Рекс продолжал сидеть; Дора стояла у камина. Наконец, Пан встал. Дора вся превратилась в ожидание. Пан повернулся к Рексу:

– Не пойдешь ли ты прогуляться? В такой день, как сегодня, надо что-нибудь предпринять.

– Нет, благодарю вас. Я берегу себя для охоты на будущей неделе.

– Я пойду, – сказала Дора.

– Отлично, я сойду через две-три минуты.

Дора вышла сменить обувь. Рекс остался у камина; он улыбнулся, и улыбка его была так же печальна и мрачна, как этот серый день.

«Он отлично знал, – думал он, – что я еще не могу много ходить; потому и спросил, что знал». Между тем Дора с Паскалем шли уже по лужайке.

– Как вы хорошо сыграли! – сказал Паскаль. Дора посмотрела на него широко раскрытыми глазами.

– Сыграла?

– Я хочу сказать, что вы вступили в разговор как раз в нужный момент.

– В таком случае, я очень рада, но я не старалась. – Она подарила его чудной улыбкой. – Мне хотелось остаться с вами наедине, а это был такой удобный случай.

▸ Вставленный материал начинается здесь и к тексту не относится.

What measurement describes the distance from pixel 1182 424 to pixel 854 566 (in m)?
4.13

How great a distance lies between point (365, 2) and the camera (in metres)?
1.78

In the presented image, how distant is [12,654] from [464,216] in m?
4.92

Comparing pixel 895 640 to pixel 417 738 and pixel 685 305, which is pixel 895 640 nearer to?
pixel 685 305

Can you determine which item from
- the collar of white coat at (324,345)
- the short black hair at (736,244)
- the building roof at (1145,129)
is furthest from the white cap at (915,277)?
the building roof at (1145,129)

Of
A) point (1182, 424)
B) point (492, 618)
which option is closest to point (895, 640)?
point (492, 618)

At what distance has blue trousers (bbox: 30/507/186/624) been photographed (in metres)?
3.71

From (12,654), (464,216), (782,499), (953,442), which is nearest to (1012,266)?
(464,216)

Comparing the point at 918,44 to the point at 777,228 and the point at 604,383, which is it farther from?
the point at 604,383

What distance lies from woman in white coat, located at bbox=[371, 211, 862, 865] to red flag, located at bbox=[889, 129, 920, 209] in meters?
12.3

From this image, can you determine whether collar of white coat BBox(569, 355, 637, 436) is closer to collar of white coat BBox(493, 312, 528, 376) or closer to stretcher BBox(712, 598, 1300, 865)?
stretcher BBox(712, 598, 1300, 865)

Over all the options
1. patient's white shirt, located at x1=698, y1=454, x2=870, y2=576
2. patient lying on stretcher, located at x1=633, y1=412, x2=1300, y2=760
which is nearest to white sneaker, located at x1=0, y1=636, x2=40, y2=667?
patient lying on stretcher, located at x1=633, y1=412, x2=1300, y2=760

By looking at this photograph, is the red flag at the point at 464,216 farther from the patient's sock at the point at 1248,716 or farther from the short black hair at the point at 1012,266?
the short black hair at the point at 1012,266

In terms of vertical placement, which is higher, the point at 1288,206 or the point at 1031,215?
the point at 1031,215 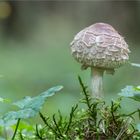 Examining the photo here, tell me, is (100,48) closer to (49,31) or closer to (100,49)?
(100,49)

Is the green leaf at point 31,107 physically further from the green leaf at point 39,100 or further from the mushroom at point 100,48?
the mushroom at point 100,48

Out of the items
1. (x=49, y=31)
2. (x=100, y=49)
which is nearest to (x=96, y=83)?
(x=100, y=49)

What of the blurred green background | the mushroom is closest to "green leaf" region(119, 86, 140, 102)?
the mushroom

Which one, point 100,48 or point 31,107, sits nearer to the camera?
point 31,107

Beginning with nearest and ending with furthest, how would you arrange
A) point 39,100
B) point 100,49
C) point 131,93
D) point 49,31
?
1. point 39,100
2. point 131,93
3. point 100,49
4. point 49,31

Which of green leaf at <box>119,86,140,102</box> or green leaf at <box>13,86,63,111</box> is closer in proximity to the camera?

«О юность», – подумал Паскаль. Его душе, уже давно пережившей первую молодость, такая наивная откровенность не понравилась. В любовных делах ему наибольшее удовольствие доставляла интрига. И все-таки, когда он взглянул на Дору, день показался ему менее сумрачным. Она была так стройна, так прекрасна в своем мальчишеском костюме, в фетровой шапочке с пером на голове. В глубине ее глаз мерцали звезды. Она взяла его под руку.

– Пан…

Он оглянулся посмотреть, нет ли кого позади, и, убедившись, что никого нет, крепко сжал ее руку.

Лицо Доры запылало.

– О Пан, я думала, что вы забыли, а это в самом деле случилось. Мне все не верится, и, чтобы поверить, я все твержу себе: «Это случилось. Он любит. Он поцеловал меня». Пан!..

– Да, Афродита?

– Пан, что за дело, что сейчас еще утро? Нельзя ли один, совсем, совсем маленький?.. Ведь теперь Рождество и нужно быть щедрым.

Ее необыкновенная, почти детская живость тронула даже его «не первую молодость».

Забыв осторожность, забыв свое решение осторожно двигаться к цели, он направился с Дорой к небольшой буковой заросли, посаженной Тони, и под прикрытием этих кустов, которые сами еще нуждались в прикрытии, поцеловал ее.

Место и время были совсем не подходящие для романа: часы на конюшенном дворе только что пробили одиннадцать. Кругом во мгле зимнего утра раскинулись поля, покрытые жнивьем. Только совсем зеленая юность могла любить где угодно, но Пан чувствовал себя не в настроении для поцелуев.

Дора спросила его:

– Почему мы должны скрывать нашу любовь? Пан засмеялся, но в его смехе не было веселья.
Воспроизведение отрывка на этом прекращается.